Niemcy dyplomatycznie wobec wojskowej interwencji w Syrii

25 sierpnia, zgodnie z oświadczeniem strony brytyjskiej, kanclerz Angela Merkel w rozmowie z premierem Davidem Cameronem zgodziła się, że atak z użyciem broni chemicznej przeprowadzony najprawdopodobniej przez reżim syryjski wymaga stanowczej odpowiedzi ze strony wspólnoty międzynarodowej. 26 sierpnia minister spraw zagranicznych Guido Westerwelle oświadczył, że w przypadku potwierdzenia tych informacji RFN dołączy do krajów, które będą domagały się wyciągnięcia konsekwencji – w koordynacji z ONZ i sojusznikami. Media i agencje zagraniczne poinformowały na tej podstawie o poparciu RFN dla interwencji militarnej w Syrii, nawet bez mandatu Rady Bezpieczeństwa (RB) ONZ.

 

 

 

Komentarz

  • Rząd Angeli Merkel w kwestii Syrii stara się pogodzić dwie sprzeczności. Z jednej strony, ma wzgląd na niemiecką doktrynę wzmacniania prawa międzynarodowego i brania udziału w międzynarodowych operacjach prowadzonych wyłącznie na podstawie mandatu RB ONZ. Jest też świadomy nieprzewidywalności rozwoju sytuacji w Syrii i w regionie po przeprowadzeniu ewentualnej interwencji, jak i sceptycyzmu niemieckiej opinii publicznej (według sondaży dwie trzecie badanych jest przeciwne interwencji) w kontekście wyborów do Bundestagu we wrześniu.

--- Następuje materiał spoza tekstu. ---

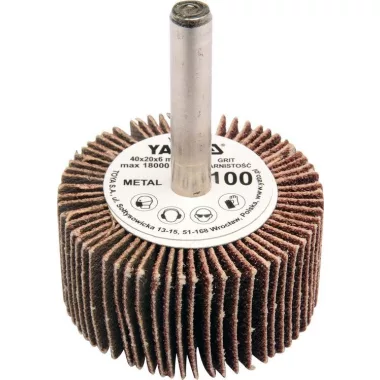 YATO YT-83353 Csapos lamellás, legyező csiszoló P80 40x20x6 mm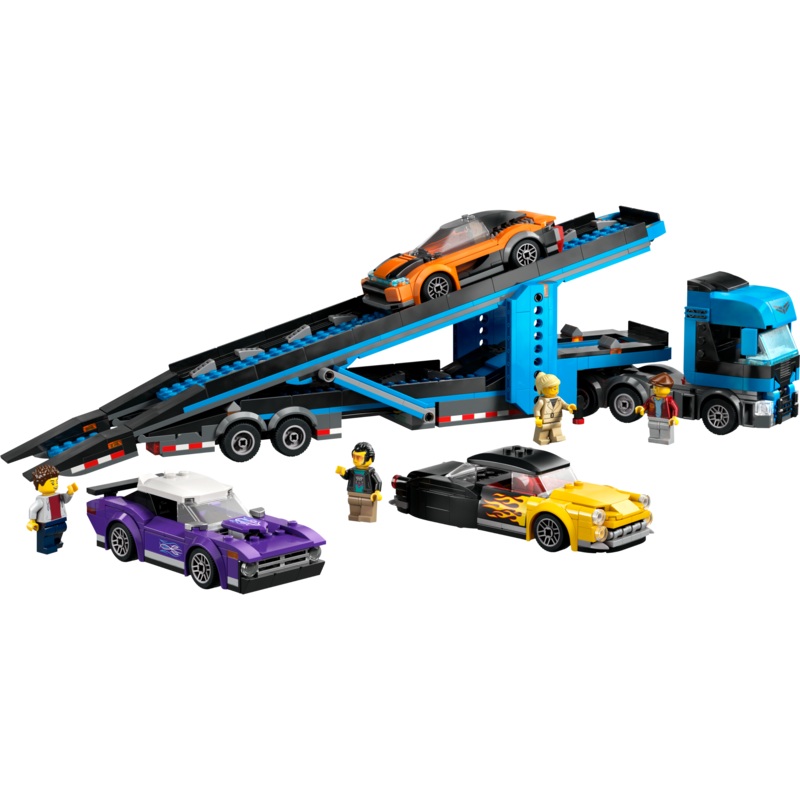 Car Transporter Truck with Sports Cars - 60408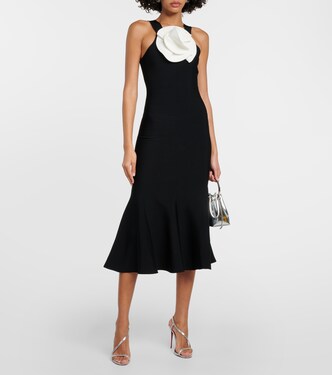 Abito midi con applicazione floreale | Roland Mouret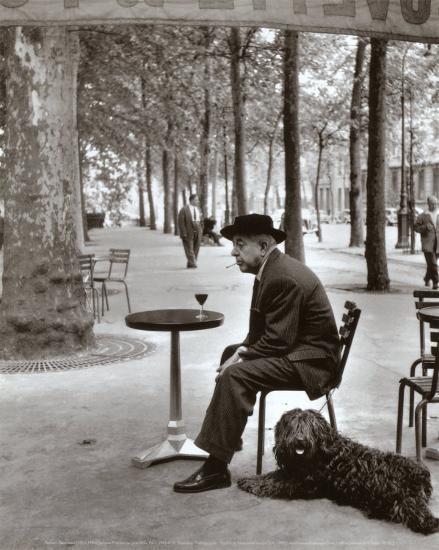 Jacques Prevert Paris, 1955-Robert Doisneau-Stretched Canvas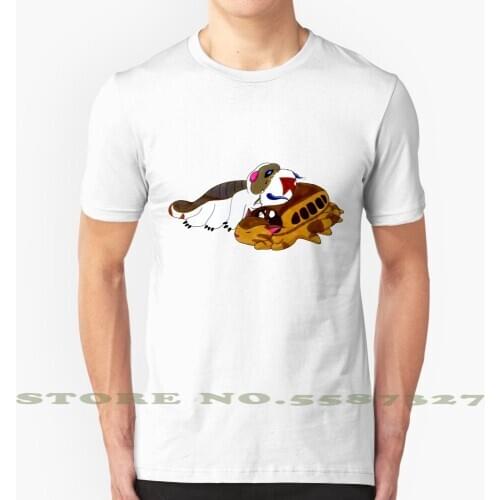 Fuzzy Transport Summer Funny T Shirt For Men Women Appa Catbus Nekobasu Totoro My Neighbor Totoro Sky Bison Anime Fanart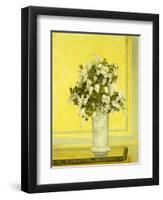 Floral Still Life, 1885-Auguste Hector Cabuzel-Framed Giclee Print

Z drugiej strony, rząd nie chce – po doświadczeniach w Libii i Mali – aby jego politykę ponownie interpretowano jako pozostającą w kontrze do działań największych sojuszników, a RFN przedstawiano jako sprzymierzeńca Rosji i Chin.
  • MSZ i Urząd Kanclerski, popierając retorycznie konieczność wyciągnięcia konsekwencji wobec syryjskich władz w przypadku potwierdzenia informacji o użyciu przez nie broni chemicznej, wsparły więc presję polityczno-wojskową Zachodu na Syrię i przede wszystkim Rosję oraz Chiny. Presja ta miała na celu uzyskanie mandatu RB ONZ dla podjęcia działań w celu ochrony ludności cywilnej w Syrii. W wypowiedziach ze strony obu niemieckich urzędów nie padły jednak explicite wyrazy poparcia dla interwencji bez mandatu RB ONZ. Na potrzeby polityki wewnętrznej bardziej krytycznie wobec ewentualnej interwencji wypowiedzieli się rzecznicy z CDU/CSU, SPD, FDP i Zielonych.
  • Jeśli dojdzie do interwencji USA i europejskich sojuszników bez mandatu RB ONZ, prawdopodobnie RFN z wymienionych względów oficjalnie nie weźmie w niej udziału (ma odpowiednie zdolności – samoloty Tornado uzbrojone w pociski manewrujące Taurus dalekiego zasięgu). Retorycznie będzie wskazywać na niezgodność interwencji z prawem międzynarodowym, ale też ze zrozumieniem wyrazi się o decyzji sojuszników. Niemcy będą podkreślać swój wkład w obronę powietrzną terytorium Turcji przy granicy z Syrią – w ramach natowskiej operacji RFN wysłała tam na początku 2013 roku dwa zestawy systemu obrony przeciwlotniczej/przeciwrakietowej Patriot. Nie będą one brały udziału w ustanowieniu ewentualnej strefy zakazu lotów nad Syrią – mandat Bundestagu tego nie obejmuje; są też rozlokowane za daleko od syryjskiej granicy. RFN może jednak niejawnie współpracować z USA, np. w zakresie rozpoznania radioelektronicznego (okręty klasy Oste na Morzu Śródziemnym) oraz w przypadku ewentualnej zgody RB ONZ na operację stabilizacyjną w Syrii – wziąć w niej udział.